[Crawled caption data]
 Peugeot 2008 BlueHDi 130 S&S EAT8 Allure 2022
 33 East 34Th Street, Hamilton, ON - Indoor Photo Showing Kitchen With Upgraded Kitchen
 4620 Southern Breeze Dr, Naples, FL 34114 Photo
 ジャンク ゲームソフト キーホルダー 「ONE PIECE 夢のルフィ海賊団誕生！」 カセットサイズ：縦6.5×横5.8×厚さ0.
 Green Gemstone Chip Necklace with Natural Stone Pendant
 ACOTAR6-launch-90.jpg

(EXERCISE PROMPT) Only a number should be returned: the count of lines above that include "Photo".

(ANSWER SECTION) 2